I talk about Jesus and people wonder if I'm a Christian, and really, I don't care what you call me - we need Jesus now, he speaks directly to our situation. If we can get beyond "interfaith dialogue," if we can get that it's not about the faiths "getting along," but about realizing our brotherhood and sisterhood and the urgency of our common calling and to a communion of humanity, then we achieve incredible momentum. Jesus stood before the Temple and said -- this is coming down. And the writer of John (2:21) explains -- just in case anyone is not clear on the theology -- "he was speaking of the Temple of his body." Body of Christ -- all of humanity united in spiritual communion, to undertake and continue the work of transforming this world into the Kingdom of God.

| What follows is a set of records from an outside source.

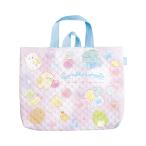 すみっコぐらし　レッスンバッグ　ゴーゴースクール柄　CA64101　新入学文具　[M便 1/1]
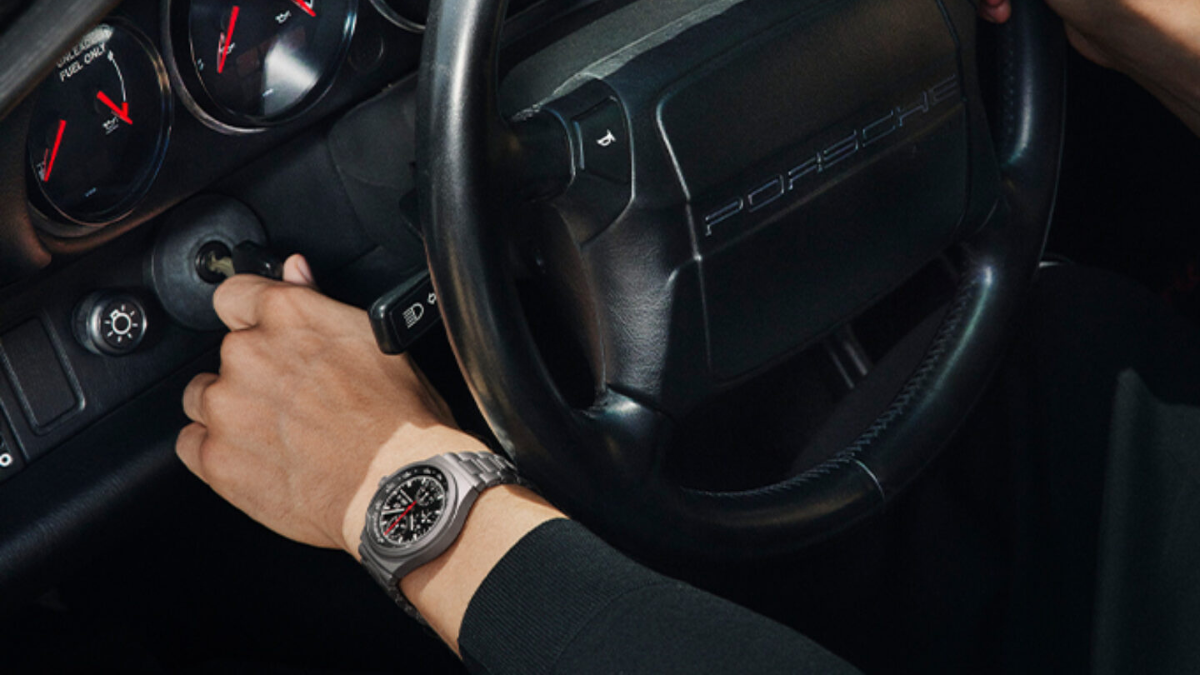 Porsche Design Chronograph 1 – 1975 Limited Edition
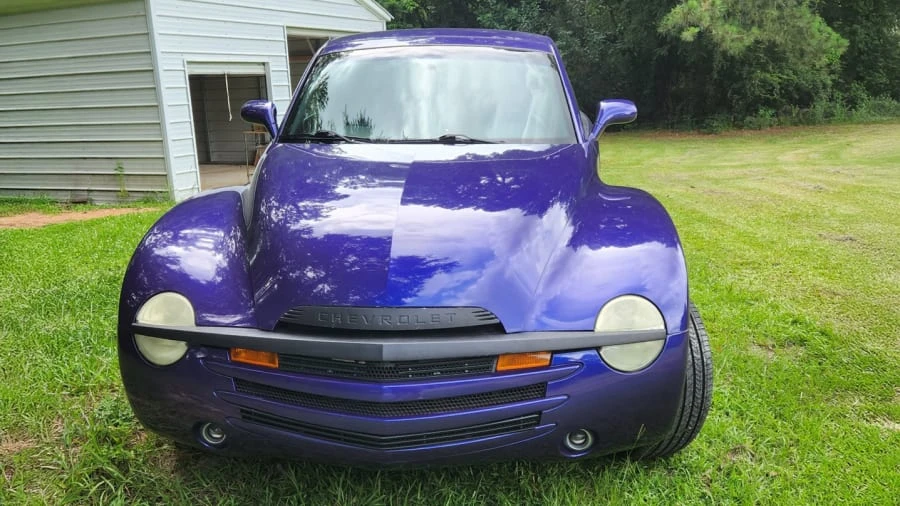 2004 Chevrolet SSR - Image 4 of 27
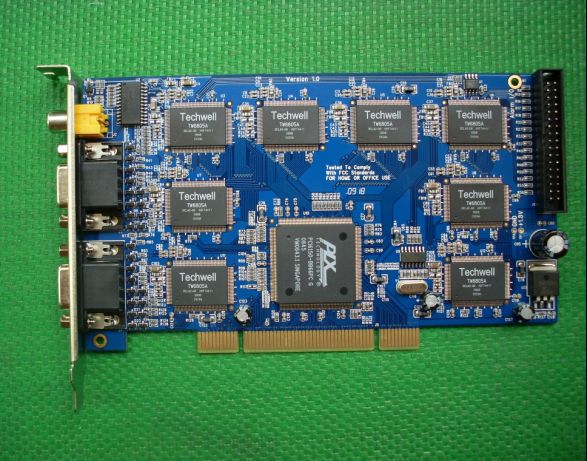 视频采集卡（6516）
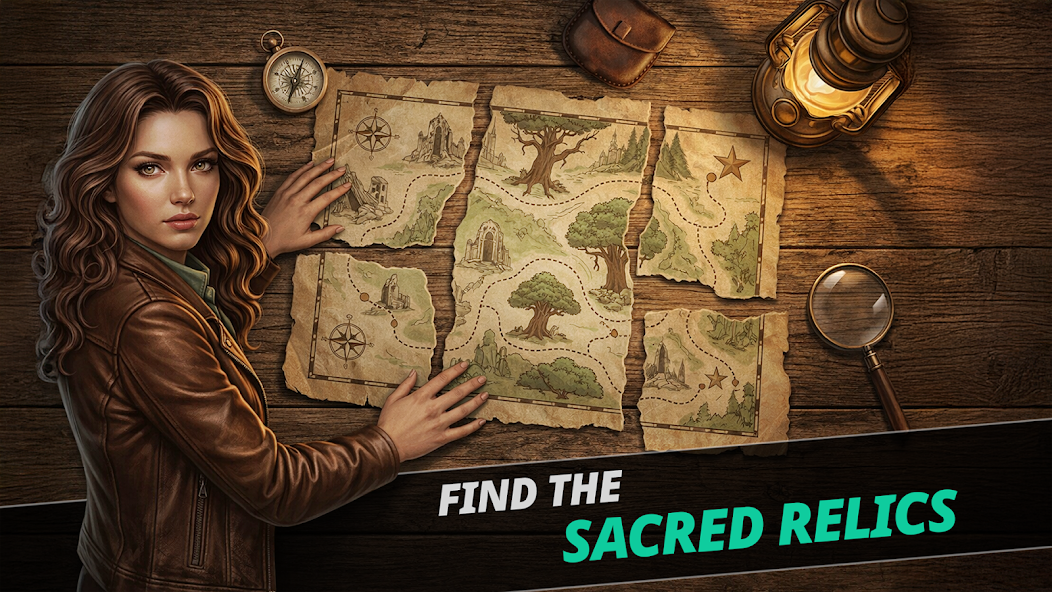 Mystery Legacy Past Roots screenshot 5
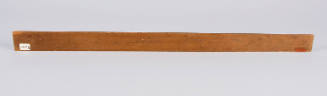 pine straight-edge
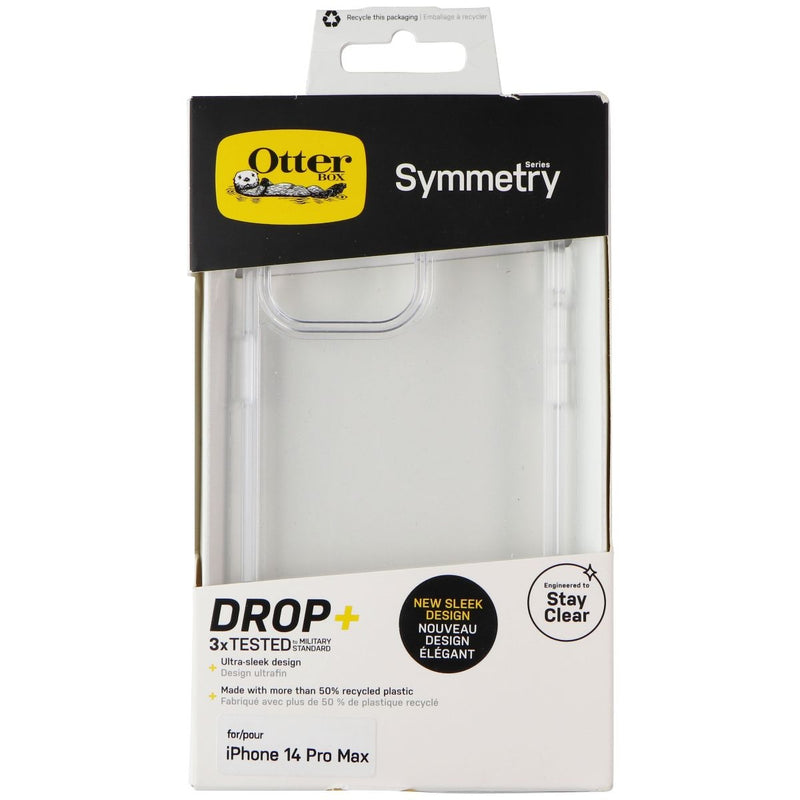 Otterbox Symmetry Clear Case for Apple iPhone 14 Pro Max - Clear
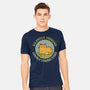 Silently Judging-Mens-Heavyweight-Tee-kg07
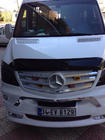 Mercedes Sprinter W906 2006–2018 Deflektor pokrova motorja 2013+ (V2, EuroCap) fotografija 10
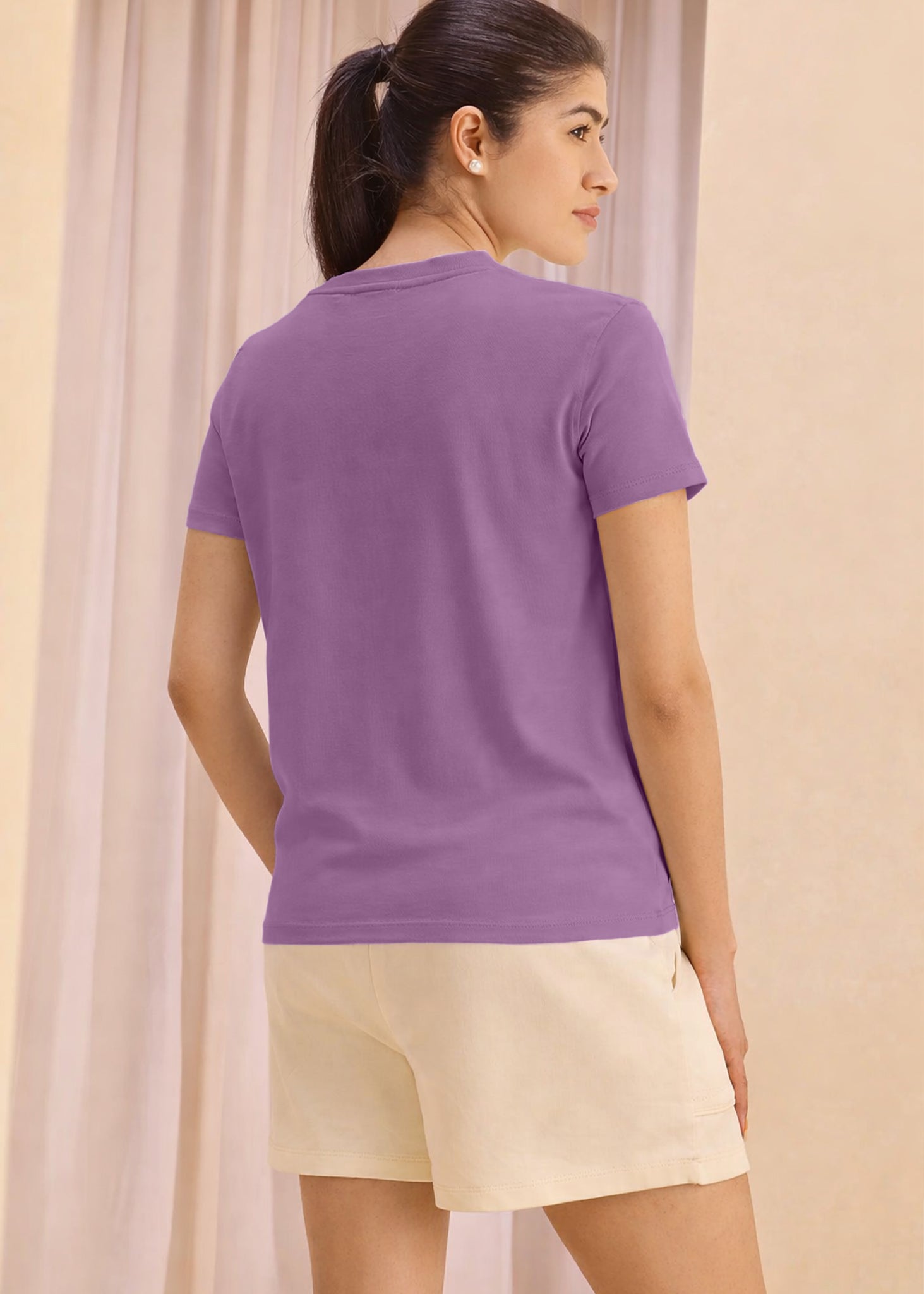 Perfect Crew Neck Tee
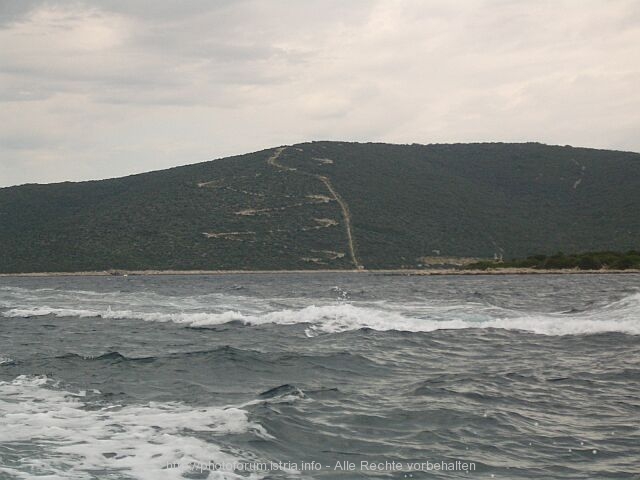 Otok Losinj > Südspitze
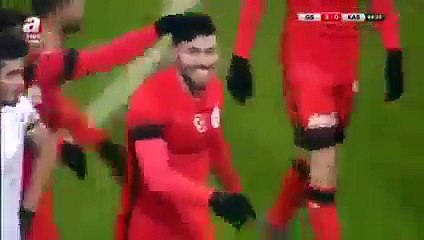 Galatasaray 4-1 Kastamonuspor Highlights HD Turkish Cup 26.01.2016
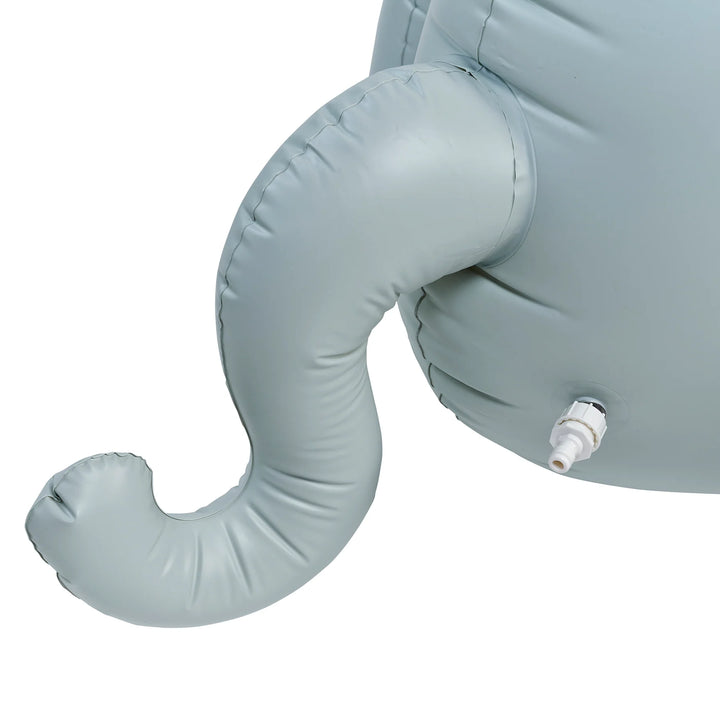 Sunnylife | Inflatable Giant Sprinkler Eli the Elephant Grey | Shut the Front Door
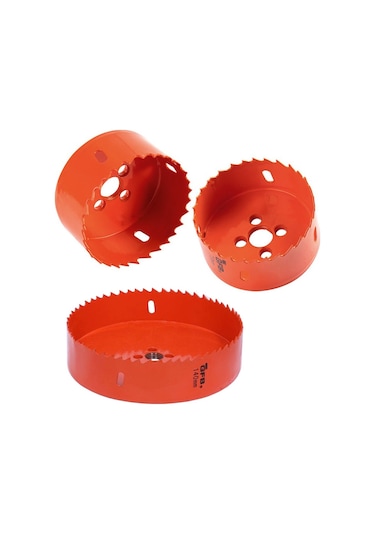 95 Mm Bimetal Panç Delik Testeresi Gfb4831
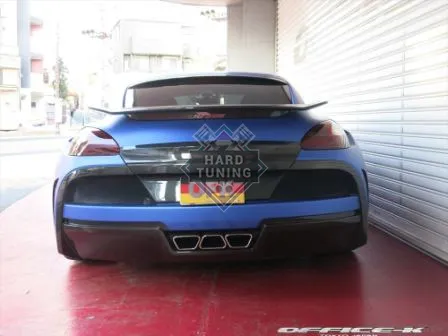 ОБВЕС FAB DESIGN PORSCHE PANAMERA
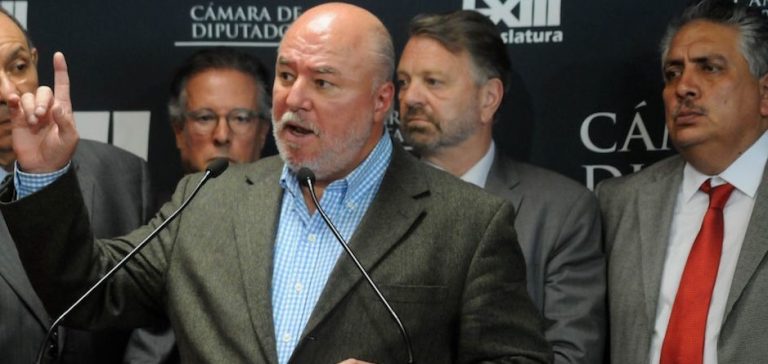 Gas Bienestar se distribuye en Iztapalapa porque ahí hay muchos votos posibles: Manuel Clouthier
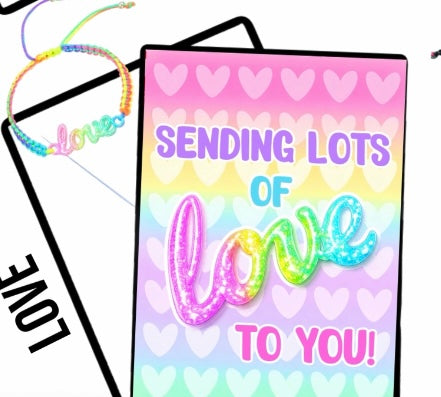 Bracelet Cards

You ask, can Muslims follow Jesus and stay Muslim. I know Muslims (actually most of the Muslims that I know) who are clear that following Jesus is being true to Islam. The same for me as a Jew -- it's no stretch at all. Jesus was a Jew, fully in the line of the prophets, and he was taking Judaism where it was supposed to go, and, in that historical context, where it urgently needed to go to be true to itself. History got in the way and we ended up with a separate religion. So much for religions -- they divide rather than join. That's our challenge today -- to come together to bring the Kingdom, and for that not to be a "Christian" thing but a universal message. Heck, that was the Christian idea from the beginning, to take what was tribal and sectarian and make it universal.

I haven't done a good job making this brief, so I'll cut if off here. Thanks for getting this going, brother.